The Franken team will make a motion to dismiss the case entirely as the Franken camp claims that there’s no way for Coleman to take the lead in the vote count. (Franken’s lead, per Jay Weiner at MinnPost, stands unofficially at 255 — that is, 258 minus three of the Nauen voters; those three voters’ ballots were pulled from the count by the court yesterday.) This motion will likely not get anywhere as the court has already indicated that some additional ballots will be counted, and it has hinted that some others such as Pile 3a (which WineRev explains here) will also be counted. Taken together, the total number of additional ballots is large enough to potentially give Coleman the lead, and so long as that possibility exists, however small, the case cannot be dismissed. Franken may fare better with the motion for summary judgment, especially if it involved the missing Minneapolis ballots that Coleman’s camp finally admitted existed last week; if the ECC now believes there is no factual dispute to be settled any more with regard to these ballots, then that issue may be struck from the contest in the interest of speeding things along.

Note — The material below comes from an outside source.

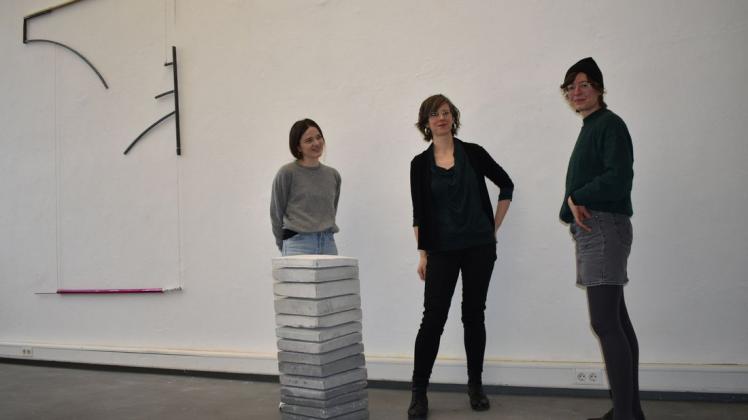 In der Galerie des Kunstvereins stellt Kuratorin Nadine Grünewald (M.) mit den Künstlerinnen Hannah Bohnen (l.) und Anna Grath die neue Ausstellung zusammen.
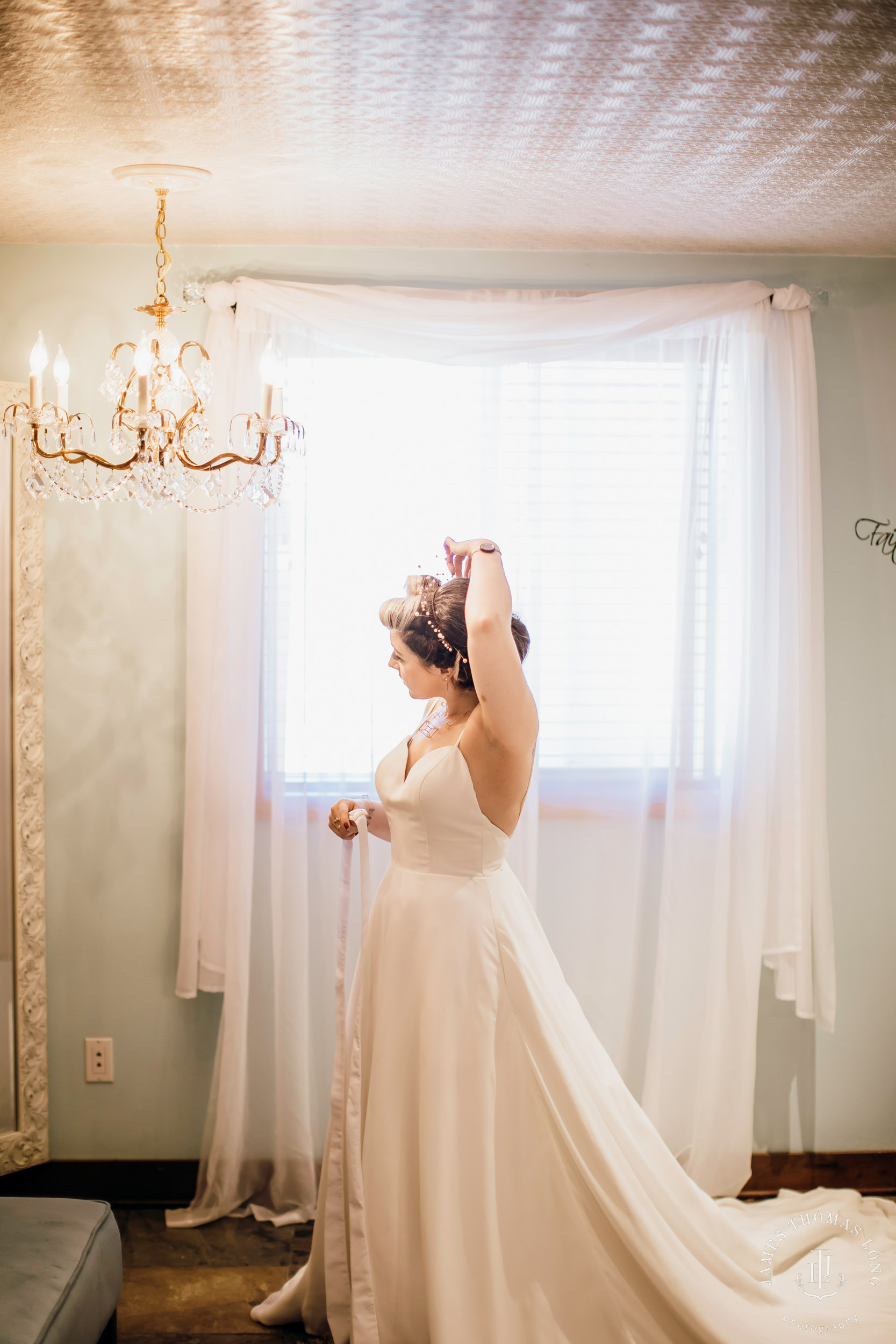 Mountain View Manor Enumclaw Mount Rainier wedding by Seattle wedding photographer James Thomas Long Photography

During yesterday’s lunch recess, the Coleman camp continued its custom of holding press conferences in order to make various unsupported statements that they don’t dare utter in court for fear of drawing sanctions and fines. Ben "Pro Hack" Ginsberg attacked "systemic corruption" in voter databases, attempting to make a mountain out of the molehill that was state elections official Gary Poser’s testimony that the voter database could theoretically be corrupted. Nobody at the presser bothered to ask Ginsberg if anyone on Coleman’s legal team had brought this up before the judges while court was in session. Meanwhile, the Election Contest Court ruled that the Coleman camp owes Al Franken’s attorneys $7,500 — which is the price of three days of court action, the amount of time that the court figured the Coleman camp had wasted with its attempt to hide Pamela Howell until the last moment and coach her even when she was in court. (Meanwhile (h/t WineRev), Noah Kunin of The UpTake points out that during the recount, Franken’s people issued a complaint over Howell’s handling of ballots in her precinct. Could it be that her unsupported word on the stand is payback for this?)
Oh, and remember the Duluth election official who wanted to be paid for his time spent on the stand or he wouldn’t show? Well, guess what? The ECC ruled that 1) they’re not paying him and 2) he’d better show up or else.